Making media flow

Now that the SIP messages are flowing properly from FreeSWITCH to the phone, what about the media? A phone call or a videocall is not very eventful if you can't even hear each other, right? We had many problems where the calls would set up properly until the point where NAT would strike the RTP packets that provide the actual media of the call, rendering the call with one-way-audio or even no-way-audio in some cases. In light of this injustice, we created a separate feature that is always enabled and only needs to be manually disabled in a very few set of cases inspired by the fourth pitfall. This feature is called RTP auto-adjust. The reason we need it is because when the phone tries to call us from behind NAT, it will naively advertise its unreachable LAN private address to FreeSWITCH as to where to send the media streams (eg the address written in the text of SDP).

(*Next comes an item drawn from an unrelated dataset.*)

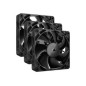 Ventilador Corsair iCUE RX120 Kit 3 (CO-9051010-WW)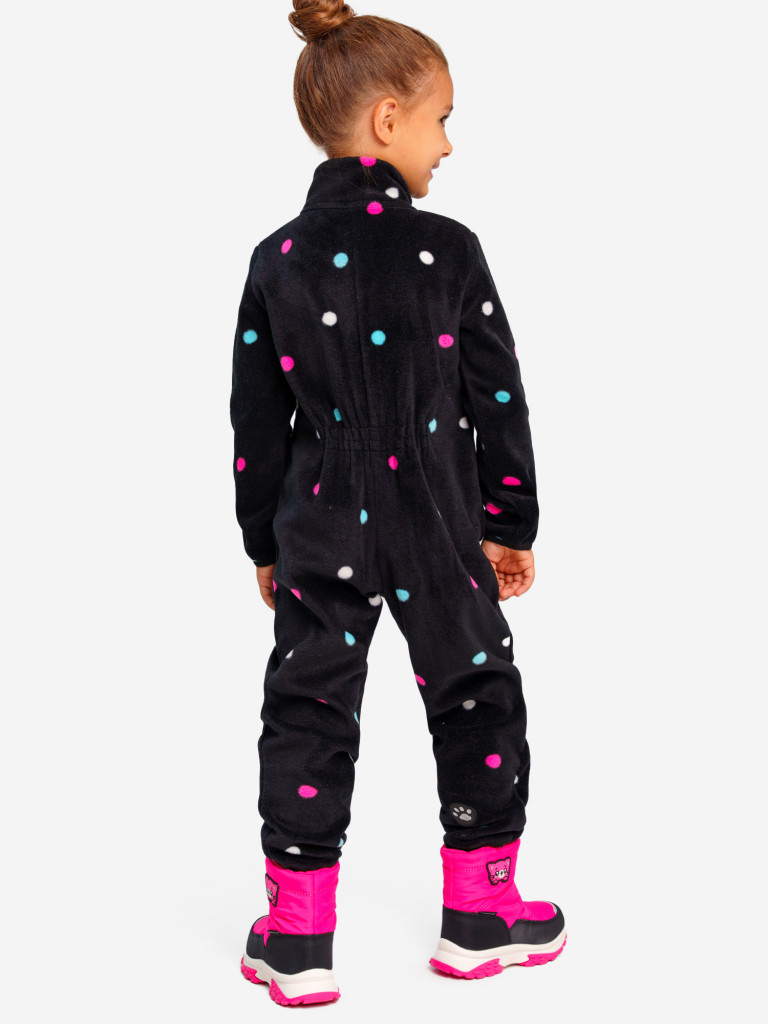 Комбинезон для девочек PlayToday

We could guess that since the device is behind NAT, we should really send the audio to the same address that we saved from the SIP message. But that is not always the case since various types of NAT have restrictions and the port mappings sometimes don't exist until the device behind NAT has actually sent a packet. So, in reality we may have no idea whatsoever as to how to successfully get audio flowing to the phone. Thanks to the auto-adjust feature, we still have a fighting chance. As long as we give the phone a valid address where it can send us audio, we can wait until it sends us some packets and use the originating address to determine where to send the audio back. This is not 100 percent guaranteed, as we know, but it's very effective in an otherwise hopeless situation. Just to be safe we only allow this magical adjustment to happen right at the beginning of the call otherwise evildoers may try to steal people's audio streams.

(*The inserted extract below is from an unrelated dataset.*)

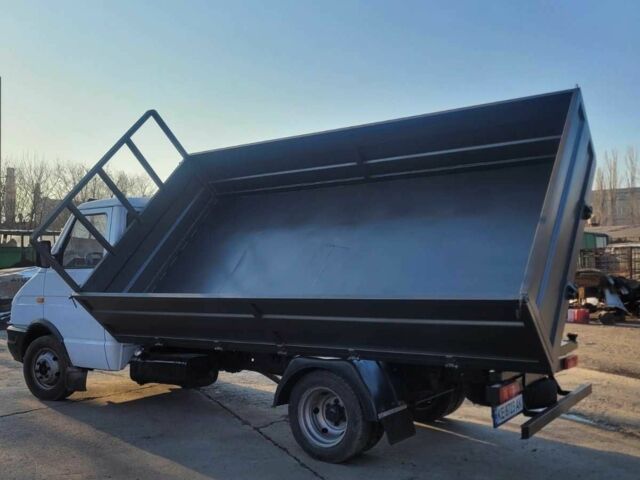 Ивеко Другая, объемом двигателя 0 л и пробегом 0 тыс. км за 9500 $, фото 8 на Automoto.ua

As previously mentioned, this RTP auto-adjust is pretty much enabled by default and will turn on automatically. The way in which you can tell that it is working is by looking for a log message like the one that follows. The message shows you the original media destination and the new one that was detected. This log line prints at the beginning of any call where auto-adjust has triggered.

If you do have one of the two percent of cases where this feature triggers the fourth pitfall and actually breaks things for you, then all you need to do is add this parameter to your SIP profile:

<param name="disable-rtp-auto-adjust" value="true"/> 

Otherwise you can also disable it on a per-call basis by setting the channel variable rtp_auto_adjust=false at some point before the media stream has started.